BALTIMORE (WJZ) — Voters in Maryland’s first district have the power to create an all-blue Congressional delegation. Right now, Andy Harris is the state’s only Republican on Capitol Hill.

As political reporter Pat Warren reports, he’s facing a Democrat who is playing to win.

Republican Andy Harris speaks the minds of his constituents.

“Lemme read from letters and communications my office is getting from around my district,” he said.

One of those constituents wants to unseat him.

“As your Congressman, I’ll support any good idea that makes America a better place, no matter where it comes from,” said a Bill Tilghman ad.

“The feedback has been very positive from that,” Tilghman said.

Tilghman is a newcomer to politics but his family is one of the oldest on the Eastern Shore.

Harris, the two-term incumbent, is a former state senator from Baltimore County.

“I’m actually glad we’re going to have a debate about the very important issues that face the nation in this district,” Harris said.

And what a district it is. District one encompasses parts of Carroll, Baltimore, Harford and Cecil counties and all of the eastern shore, a population of about 700,000.

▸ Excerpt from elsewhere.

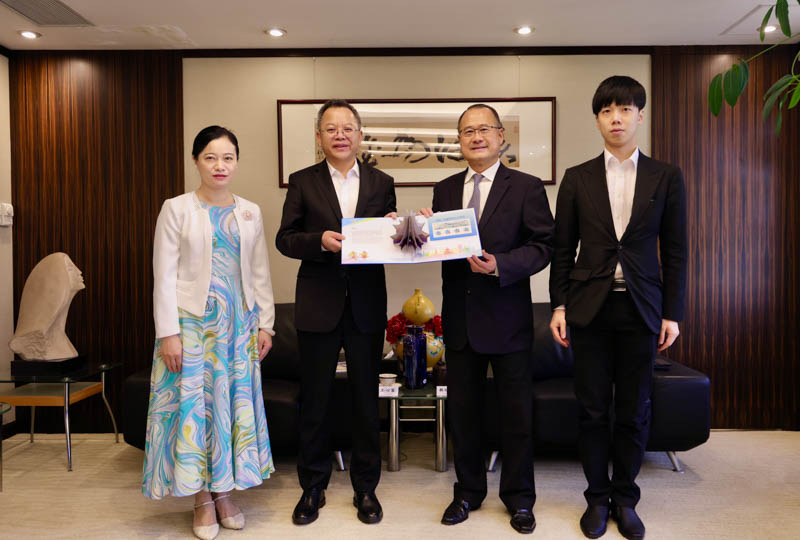 联盟主席蔡冠深在港与广西自治区常委、统战部部长王心富一行座谈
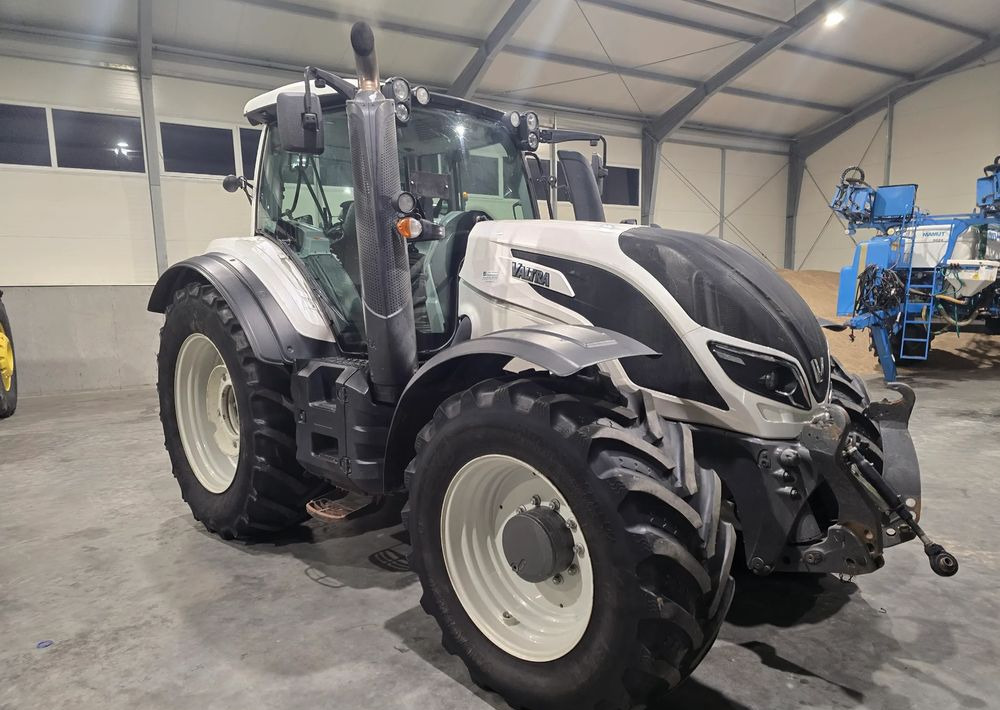 Valtra T 174S - Trattore: foto 1 Valtra T 174S - Trattore: foto 1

“We’ve had town halls continuously; we do them both in person and over the telephones and we’re listening constantly. If anything, I think people are more frustrated with the policies that are coming out of the administration, that’s whether it’s healthcare, foreign policy, immigration,” Harris said. “It’s just one after another.”

With that frustration and 44% of district voters registered as Republicans, it seems likely Harris will retain his seat—but Tilghman sees a shift.

“44-40 and 16% independent. Sixteen percent of the people have self-identified as independents and that number has spiked in the last several years and that’s the number that tells us that something is different this time around,” he said.

A Democrat won the seat in 2008 but served just one term.

That was Frank Kratovil, who beat Harris in 2008 and then lost to him in the next election.

The deadline to register for the general election is October 14.

All of the Democrat Congressional incumbents won their primary elections. The general election is Nov. 4.